Brutalisme : sous le béton, le graphisme

Il y a un mois Flavien Berger sortait son dernier morceau accompagné d’un clip sobrement nommé “Brutalisme”. On y suit l’histoire d’amour entre un chevalier en armure et une femme en kimono rouge, entre le sable de la plage d’Acapulco et les murs des tours Nuages de Nanterre…

Une occasion très poétique pour nous de revenir sur une tendance qui ne date pas d’hier : Le Brutalisme. Quand, même derrière un bloc de béton, on peut susciter de l’émotion…

Découvrez la vidéo – > https://www.youtube.com/watch?v=E11DAkrjlP8

Ôde au béton

Soyez prêt à troquer vos moulures et divers ornements haussmanniens contre la rigueur allemande. Répétitions, formes géométriques simples, matériaux bruts ; avant de revenir en force dans l’univers du graphisme et du web design, le brutalisme est avant tout un courant architectural.

Issue de l’oeuvre de Mies van der Rohe ainsi que celle de Le Corbusier, le brutalisme puise son inspiration dans le mouvement moderne. Ce terme tient son origine du mot “brut” en relation avec l’expression “béton brut” souvent utilisée par Le Corbusier et non de “brutal” comme certains pourraient le penser.

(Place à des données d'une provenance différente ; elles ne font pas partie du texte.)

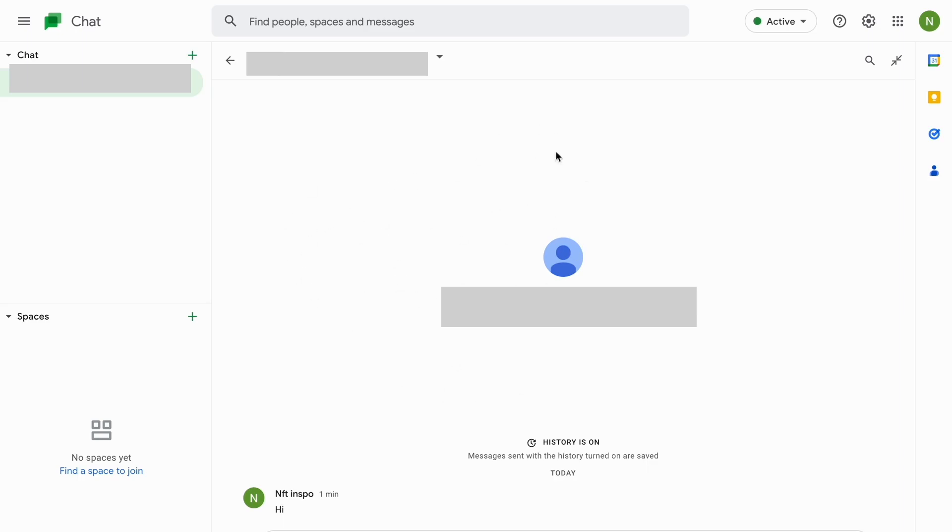So as you can see I'm currently on Google Chat right now, so let's say that I would like to delete this message right here. Well unfortunately as of right now we're not able to specifically just delete like one message.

À la fin des années 1940, il est urgent de reconstruire rapidement les villes touchées par la seconde guerre mondiale et ce à moindre coût. De nombreux architectes optent alors pour des matériaux bruts tel que le béton ou la brique, des volumes massifs et une certaine mise en avant des éléments structurels des bâtiments. Le style se veut primaire, le raffinement et l’aspect décoratif sont mis au placard pour plus de minimalisme ; c’est ainsi que les paysages urbains prennent des formes abruptes et “crues”.

Robin hood Gardens (1972), Alison & Peter Smithson’s , photographie Sandra Lousada
Cité Radieuse (1952), Le Corbusier

Après un pic de popularité dans les années 1950/1960, ce mouvement va connaître une critique sévère : défiguration des paysages, suspecté de favoriser la criminalité, mauvais vieillissement des matériaux. On juge les bâtiments “laids et dénué d’esthétisme”.

Le brutalisme divise par son aspect rude et grossier. Il frotte le regard quand on s’y attarde. Il bouscule. Cependant il faut lui reconnaître une particulière qualité graphique, en témoignent de nombreux travaux de photographes et amateurs. Les complexes architecturaux issuent du brutalisme se prêtent très bien au jeu des shootings photos ou vidéos. Une liste non exhaustive de clips musicaux se déroule dans un décor architectural empreint au brutalisme, ce qui apporte une puissance visuelle et une griffe caractéristique.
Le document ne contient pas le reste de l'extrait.